COLLECTED DATA:
-- Opening Marker --

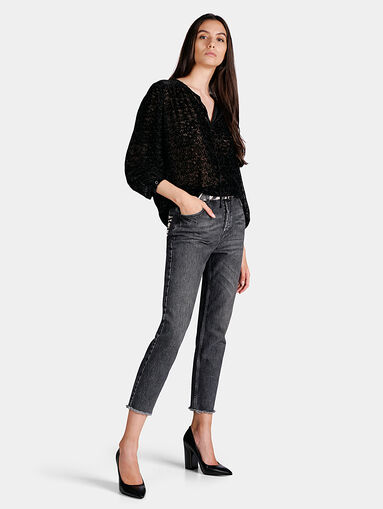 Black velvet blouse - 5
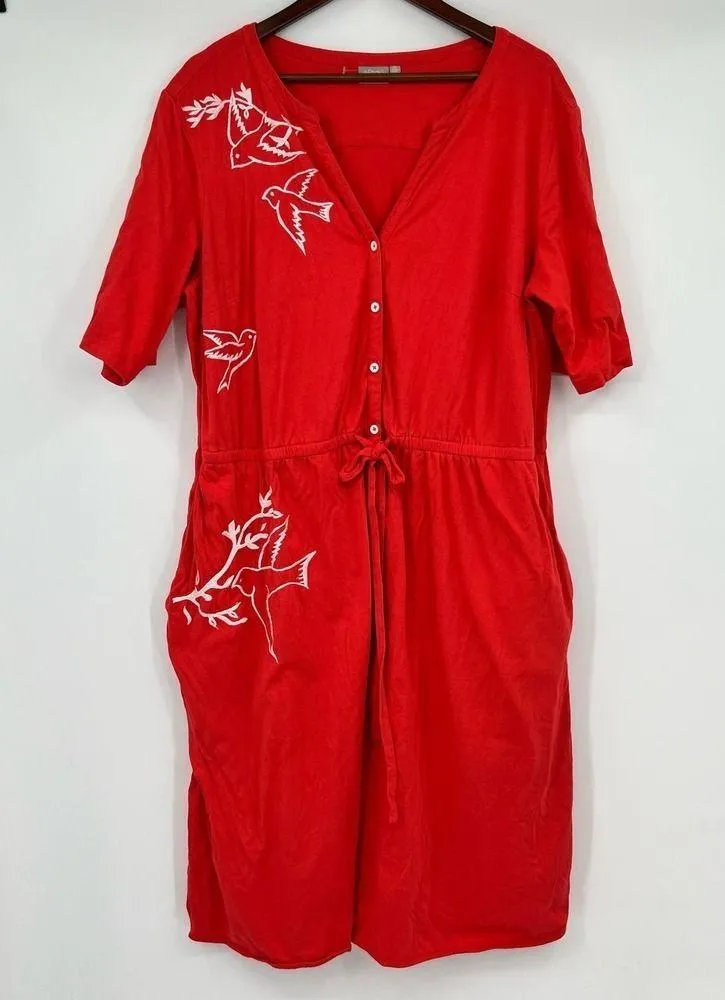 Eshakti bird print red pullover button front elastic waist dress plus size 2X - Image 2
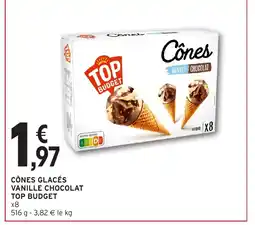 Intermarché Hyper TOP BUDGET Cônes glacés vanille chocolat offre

-- Closing Marker --

Exclude every picture, then reproduce the remaining data character for character.

 Black velvet blouse - 5
 Eshakti bird print red pullover button front elastic waist dress plus size 2X - Image 2
 Intermarché Hyper TOP BUDGET Cônes glacés vanille chocolat offre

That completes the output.